=== Data for review ===

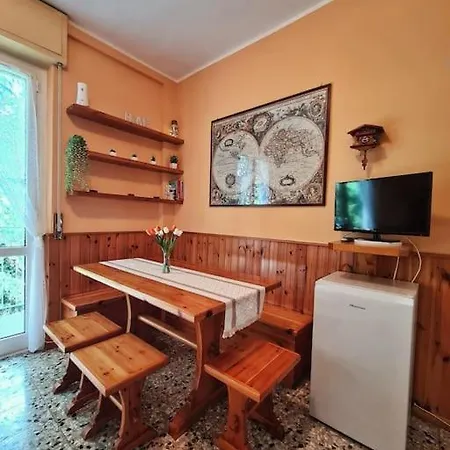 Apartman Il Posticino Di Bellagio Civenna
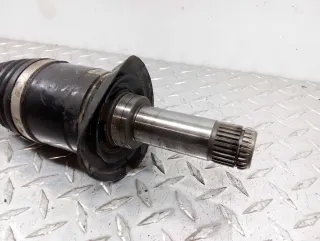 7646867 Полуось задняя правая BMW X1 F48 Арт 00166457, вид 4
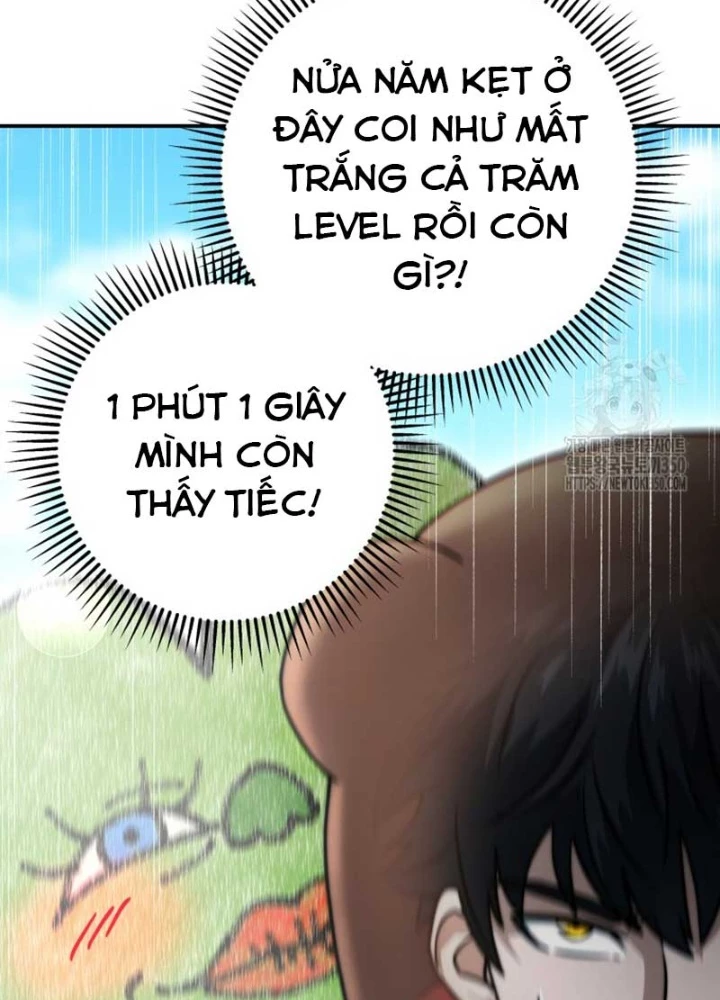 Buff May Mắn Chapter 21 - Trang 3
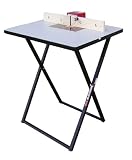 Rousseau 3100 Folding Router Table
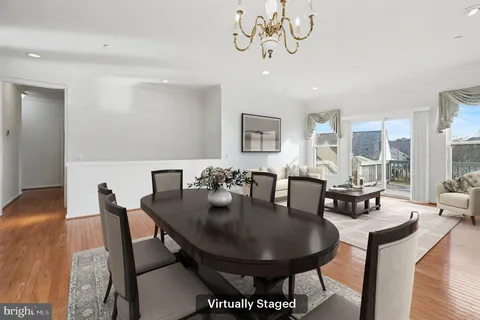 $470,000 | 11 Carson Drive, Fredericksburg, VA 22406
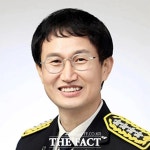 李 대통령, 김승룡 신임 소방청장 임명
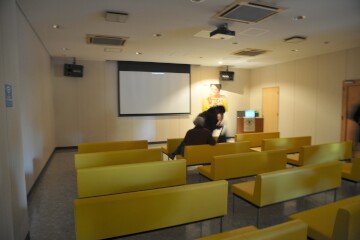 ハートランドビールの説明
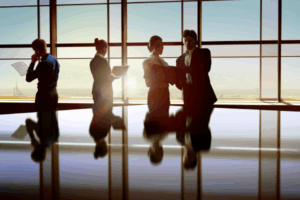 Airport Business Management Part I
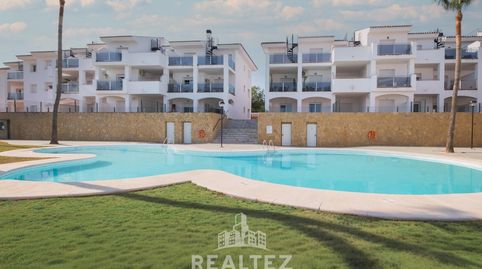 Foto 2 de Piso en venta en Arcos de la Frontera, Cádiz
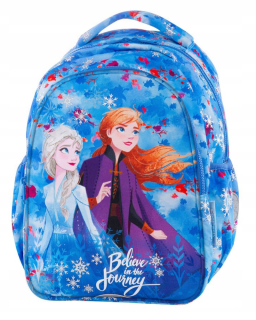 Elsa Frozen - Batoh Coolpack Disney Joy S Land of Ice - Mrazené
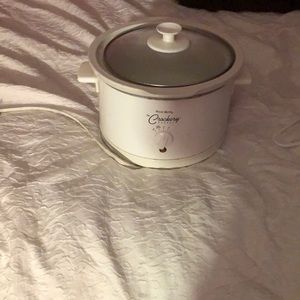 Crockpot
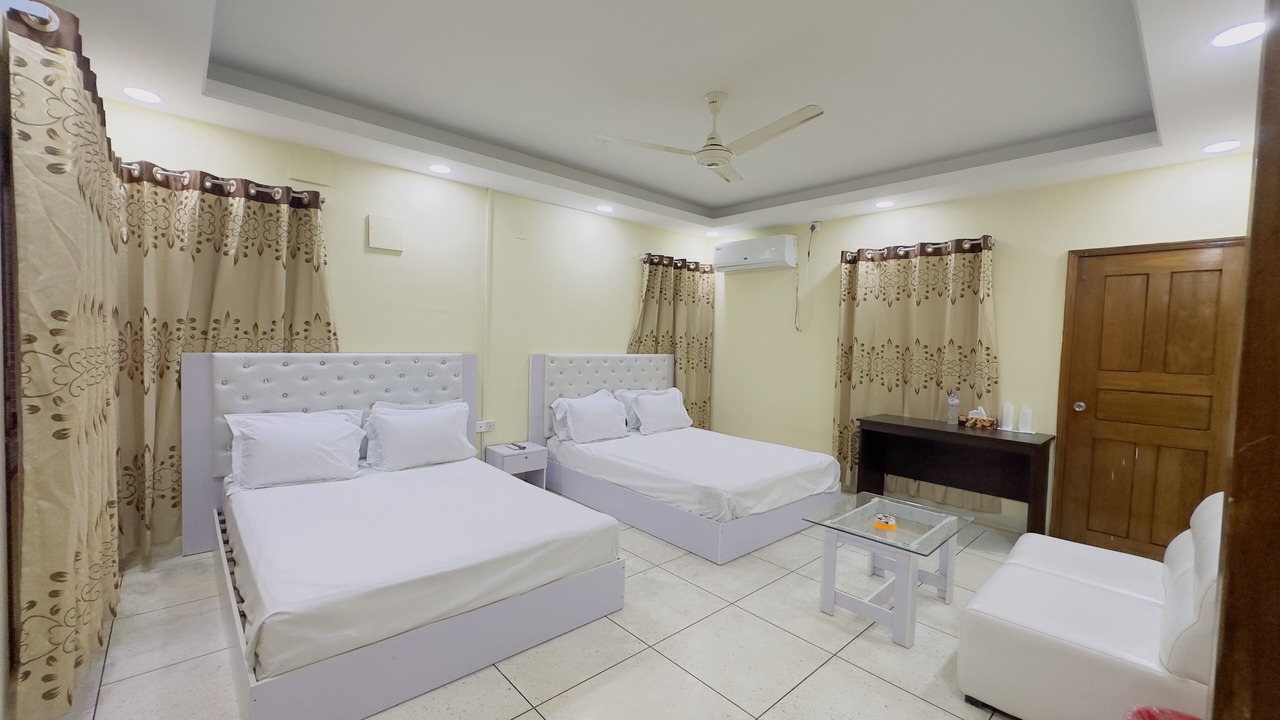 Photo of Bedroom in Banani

===

(Assignment): Quote verbatim every line starting at the line that contains "李 대통령, 김승룡 신임 소방청장 임명" and ending with the last line of the records; omit all pictures.

(Answer box):
 李 대통령, 김승룡 신임 소방청장 임명
 ハートランドビールの説明
 Airport Business Management Part I
 Foto 2 de Piso en venta en Arcos de la Frontera, Cádiz
 Elsa Frozen - Batoh Coolpack Disney Joy S Land of Ice - Mrazené
 Crockpot
 Photo of Bedroom in Banani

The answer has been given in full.